Caption-style text data:
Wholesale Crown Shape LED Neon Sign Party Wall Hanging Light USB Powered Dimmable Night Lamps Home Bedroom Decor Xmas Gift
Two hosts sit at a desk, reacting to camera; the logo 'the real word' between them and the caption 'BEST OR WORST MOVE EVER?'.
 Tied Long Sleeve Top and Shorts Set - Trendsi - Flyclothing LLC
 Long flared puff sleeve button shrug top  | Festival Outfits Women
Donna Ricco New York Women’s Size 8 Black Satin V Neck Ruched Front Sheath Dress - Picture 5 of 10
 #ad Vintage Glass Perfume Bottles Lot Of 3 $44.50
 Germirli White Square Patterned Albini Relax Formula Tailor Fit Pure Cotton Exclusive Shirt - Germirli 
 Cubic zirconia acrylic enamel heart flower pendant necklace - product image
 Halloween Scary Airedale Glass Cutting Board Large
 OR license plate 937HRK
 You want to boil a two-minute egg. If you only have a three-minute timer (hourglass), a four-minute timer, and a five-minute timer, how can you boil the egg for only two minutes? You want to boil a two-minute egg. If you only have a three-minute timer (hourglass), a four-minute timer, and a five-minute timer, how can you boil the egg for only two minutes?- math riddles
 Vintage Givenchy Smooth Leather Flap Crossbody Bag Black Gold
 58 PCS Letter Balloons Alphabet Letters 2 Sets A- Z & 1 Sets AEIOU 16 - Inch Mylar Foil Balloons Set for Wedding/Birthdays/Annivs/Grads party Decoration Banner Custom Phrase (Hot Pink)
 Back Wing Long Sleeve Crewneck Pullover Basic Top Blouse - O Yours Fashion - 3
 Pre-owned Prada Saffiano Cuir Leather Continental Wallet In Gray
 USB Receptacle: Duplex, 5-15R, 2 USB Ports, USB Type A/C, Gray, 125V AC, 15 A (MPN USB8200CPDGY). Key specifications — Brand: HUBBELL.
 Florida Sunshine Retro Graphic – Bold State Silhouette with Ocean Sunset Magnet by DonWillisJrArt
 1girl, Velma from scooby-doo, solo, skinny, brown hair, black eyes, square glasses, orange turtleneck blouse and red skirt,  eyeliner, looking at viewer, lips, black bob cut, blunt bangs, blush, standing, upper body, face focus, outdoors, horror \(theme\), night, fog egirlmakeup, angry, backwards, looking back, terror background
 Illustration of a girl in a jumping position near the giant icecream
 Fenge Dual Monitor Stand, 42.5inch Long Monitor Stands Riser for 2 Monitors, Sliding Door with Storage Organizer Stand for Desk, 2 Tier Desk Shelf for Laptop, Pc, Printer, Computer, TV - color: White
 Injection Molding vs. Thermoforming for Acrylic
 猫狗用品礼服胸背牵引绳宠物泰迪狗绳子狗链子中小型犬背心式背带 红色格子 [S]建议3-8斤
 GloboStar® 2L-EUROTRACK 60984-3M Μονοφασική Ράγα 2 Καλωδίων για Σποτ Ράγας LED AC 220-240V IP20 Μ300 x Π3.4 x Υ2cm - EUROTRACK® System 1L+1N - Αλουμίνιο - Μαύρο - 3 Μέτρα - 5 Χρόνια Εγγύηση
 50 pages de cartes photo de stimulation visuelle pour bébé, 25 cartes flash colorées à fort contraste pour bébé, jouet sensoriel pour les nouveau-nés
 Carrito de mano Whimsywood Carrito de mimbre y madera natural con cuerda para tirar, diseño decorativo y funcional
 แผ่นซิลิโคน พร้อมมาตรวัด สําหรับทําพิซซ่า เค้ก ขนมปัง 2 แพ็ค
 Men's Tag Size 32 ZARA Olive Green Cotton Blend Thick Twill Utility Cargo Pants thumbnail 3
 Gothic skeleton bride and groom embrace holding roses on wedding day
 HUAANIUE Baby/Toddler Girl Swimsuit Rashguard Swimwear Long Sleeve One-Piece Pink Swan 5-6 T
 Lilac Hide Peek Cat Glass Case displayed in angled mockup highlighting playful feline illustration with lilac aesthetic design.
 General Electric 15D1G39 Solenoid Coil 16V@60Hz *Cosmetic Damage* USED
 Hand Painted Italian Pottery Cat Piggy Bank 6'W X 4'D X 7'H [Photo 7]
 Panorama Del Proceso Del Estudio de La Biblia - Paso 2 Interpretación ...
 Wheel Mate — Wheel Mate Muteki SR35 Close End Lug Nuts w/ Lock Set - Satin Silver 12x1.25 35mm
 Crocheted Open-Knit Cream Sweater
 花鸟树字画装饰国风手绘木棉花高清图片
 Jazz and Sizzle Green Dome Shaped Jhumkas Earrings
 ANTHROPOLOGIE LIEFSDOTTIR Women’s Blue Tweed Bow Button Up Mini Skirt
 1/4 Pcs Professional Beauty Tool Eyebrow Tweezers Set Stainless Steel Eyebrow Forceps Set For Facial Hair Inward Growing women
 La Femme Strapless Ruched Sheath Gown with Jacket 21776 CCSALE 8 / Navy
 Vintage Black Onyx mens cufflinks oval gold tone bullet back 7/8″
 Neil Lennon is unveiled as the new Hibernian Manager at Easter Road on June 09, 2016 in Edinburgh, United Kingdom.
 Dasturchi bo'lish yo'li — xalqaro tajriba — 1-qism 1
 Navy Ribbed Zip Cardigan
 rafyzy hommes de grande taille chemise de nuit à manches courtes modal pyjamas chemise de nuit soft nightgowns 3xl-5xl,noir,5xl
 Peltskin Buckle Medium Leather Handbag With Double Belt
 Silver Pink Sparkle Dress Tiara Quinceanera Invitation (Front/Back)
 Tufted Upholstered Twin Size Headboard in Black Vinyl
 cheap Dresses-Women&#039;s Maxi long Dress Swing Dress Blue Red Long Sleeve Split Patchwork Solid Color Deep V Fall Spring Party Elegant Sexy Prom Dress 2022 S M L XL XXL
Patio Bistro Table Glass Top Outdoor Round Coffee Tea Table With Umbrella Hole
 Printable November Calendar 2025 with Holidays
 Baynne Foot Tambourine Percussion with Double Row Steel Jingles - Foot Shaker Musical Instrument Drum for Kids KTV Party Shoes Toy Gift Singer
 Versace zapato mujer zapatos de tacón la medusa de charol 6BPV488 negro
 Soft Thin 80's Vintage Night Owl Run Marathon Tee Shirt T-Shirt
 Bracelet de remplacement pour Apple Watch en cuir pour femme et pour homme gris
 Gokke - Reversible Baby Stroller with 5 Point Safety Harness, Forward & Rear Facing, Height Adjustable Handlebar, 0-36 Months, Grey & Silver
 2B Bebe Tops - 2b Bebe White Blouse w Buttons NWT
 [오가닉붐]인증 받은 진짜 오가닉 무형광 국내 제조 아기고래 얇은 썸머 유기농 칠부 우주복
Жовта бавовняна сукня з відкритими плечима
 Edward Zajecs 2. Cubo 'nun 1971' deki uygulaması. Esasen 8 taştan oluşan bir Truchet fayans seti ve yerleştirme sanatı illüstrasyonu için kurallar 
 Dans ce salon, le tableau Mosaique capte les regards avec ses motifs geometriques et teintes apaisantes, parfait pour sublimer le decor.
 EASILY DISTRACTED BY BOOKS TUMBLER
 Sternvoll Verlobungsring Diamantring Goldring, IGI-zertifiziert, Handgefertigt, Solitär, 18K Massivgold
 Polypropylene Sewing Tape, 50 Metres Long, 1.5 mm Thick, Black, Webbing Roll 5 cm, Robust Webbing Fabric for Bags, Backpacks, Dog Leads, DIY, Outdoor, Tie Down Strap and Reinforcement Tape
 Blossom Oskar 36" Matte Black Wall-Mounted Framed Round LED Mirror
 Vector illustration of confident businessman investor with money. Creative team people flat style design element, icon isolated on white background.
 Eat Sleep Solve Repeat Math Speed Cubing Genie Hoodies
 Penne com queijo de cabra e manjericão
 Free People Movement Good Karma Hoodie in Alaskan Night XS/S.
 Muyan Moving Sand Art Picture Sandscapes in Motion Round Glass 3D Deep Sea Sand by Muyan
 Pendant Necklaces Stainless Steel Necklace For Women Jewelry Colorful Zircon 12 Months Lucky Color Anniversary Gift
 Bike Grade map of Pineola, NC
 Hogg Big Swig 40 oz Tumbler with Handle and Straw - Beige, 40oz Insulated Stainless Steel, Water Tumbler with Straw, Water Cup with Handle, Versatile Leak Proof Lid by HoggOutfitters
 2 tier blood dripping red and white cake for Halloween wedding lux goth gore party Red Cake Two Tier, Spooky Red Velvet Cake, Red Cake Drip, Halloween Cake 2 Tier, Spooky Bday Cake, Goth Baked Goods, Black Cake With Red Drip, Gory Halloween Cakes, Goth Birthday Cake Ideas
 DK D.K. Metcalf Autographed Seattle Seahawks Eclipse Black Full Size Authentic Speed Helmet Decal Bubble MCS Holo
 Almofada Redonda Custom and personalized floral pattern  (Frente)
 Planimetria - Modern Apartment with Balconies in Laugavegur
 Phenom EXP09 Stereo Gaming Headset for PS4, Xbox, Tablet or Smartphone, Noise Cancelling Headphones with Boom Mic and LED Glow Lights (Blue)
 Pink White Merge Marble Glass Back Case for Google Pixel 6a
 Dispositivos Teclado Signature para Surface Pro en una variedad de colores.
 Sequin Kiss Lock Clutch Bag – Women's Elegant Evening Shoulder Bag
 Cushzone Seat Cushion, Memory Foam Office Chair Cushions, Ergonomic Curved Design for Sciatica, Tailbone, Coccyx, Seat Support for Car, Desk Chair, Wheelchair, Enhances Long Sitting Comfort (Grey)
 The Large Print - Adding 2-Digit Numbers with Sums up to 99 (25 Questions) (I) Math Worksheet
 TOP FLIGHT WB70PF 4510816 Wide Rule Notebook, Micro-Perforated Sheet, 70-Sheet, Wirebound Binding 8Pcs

TO DO
Lines to set down from above: the line with "花鸟树字画装饰国风手绘木棉花高清图片", the line with "Printable November Calendar", and every line between, each exactly as written.

SOLVED EXERCISE
 花鸟树字画装饰国风手绘木棉花高清图片
 Jazz and Sizzle Green Dome Shaped Jhumkas Earrings
 ANTHROPOLOGIE LIEFSDOTTIR Women’s Blue Tweed Bow Button Up Mini Skirt
 1/4 Pcs Professional Beauty Tool Eyebrow Tweezers Set Stainless Steel Eyebrow Forceps Set For Facial Hair Inward Growing women
 La Femme Strapless Ruched Sheath Gown with Jacket 21776 CCSALE 8 / Navy
 Vintage Black Onyx mens cufflinks oval gold tone bullet back 7/8″
 Neil Lennon is unveiled as the new Hibernian Manager at Easter Road on June 09, 2016 in Edinburgh, United Kingdom.
 Dasturchi bo'lish yo'li — xalqaro tajriba — 1-qism 1
 Navy Ribbed Zip Cardigan
 rafyzy hommes de grande taille chemise de nuit à manches courtes modal pyjamas chemise de nuit soft nightgowns 3xl-5xl,noir,5xl
 Peltskin Buckle Medium Leather Handbag With Double Belt
 Silver Pink Sparkle Dress Tiara Quinceanera Invitation (Front/Back)
 Tufted Upholstered Twin Size Headboard in Black Vinyl
 cheap Dresses-Women&#039;s Maxi long Dress Swing Dress Blue Red Long Sleeve Split Patchwork Solid Color Deep V Fall Spring Party Elegant Sexy Prom Dress 2022 S M L XL XXL
Patio Bistro Table Glass Top Outdoor Round Coffee Tea Table With Umbrella Hole
 Printable November Calendar 2025 with Holidays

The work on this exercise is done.